*** Data shown Section Begins ***

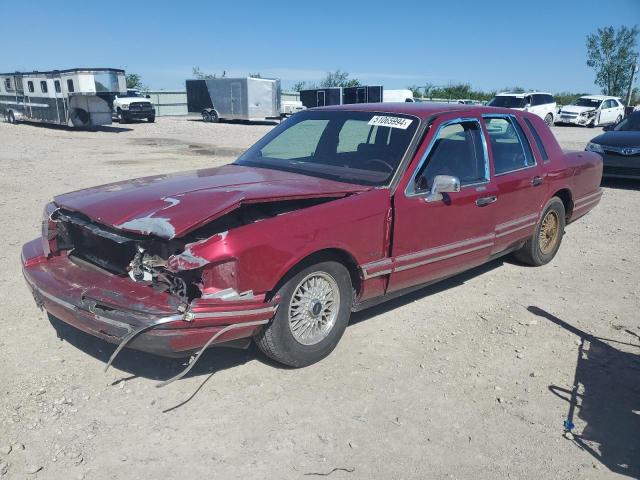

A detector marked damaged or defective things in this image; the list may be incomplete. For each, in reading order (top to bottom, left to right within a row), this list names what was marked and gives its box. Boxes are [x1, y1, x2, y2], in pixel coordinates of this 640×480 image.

cracked bumper [21, 239, 278, 356]
crumpled front end [23, 202, 278, 356]
damaged burgundy sedan [21, 104, 600, 376]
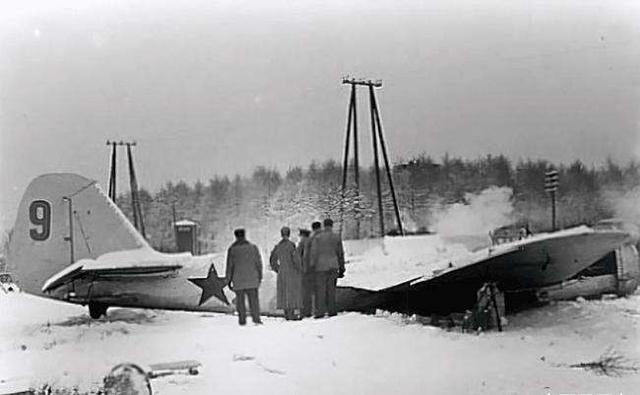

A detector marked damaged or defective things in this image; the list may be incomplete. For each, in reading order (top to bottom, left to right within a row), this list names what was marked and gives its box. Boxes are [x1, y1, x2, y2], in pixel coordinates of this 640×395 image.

*** Data shown Section Ends ***

_What you are asked to do_. Leave the images aside and return the records above exactly as written.

_Output below_.
A detector marked damaged or defective things in this image; the list may be incomplete. For each, in reading order (top to bottom, left to right within a row), this list names what was marked and gives its box. Boxes are [x1, y1, x2, y2], in pixel coordinates of this 640×480 image.

cracked bumper [21, 239, 278, 356]
crumpled front end [23, 202, 278, 356]
damaged burgundy sedan [21, 104, 600, 376]

A detector marked damaged or defective things in this image; the list may be incomplete. For each, in reading order (top to bottom, left to right within a row), this list names what was marked and gives its box. Boxes are [x1, y1, x2, y2], in pixel coordinates of this 640×395 image.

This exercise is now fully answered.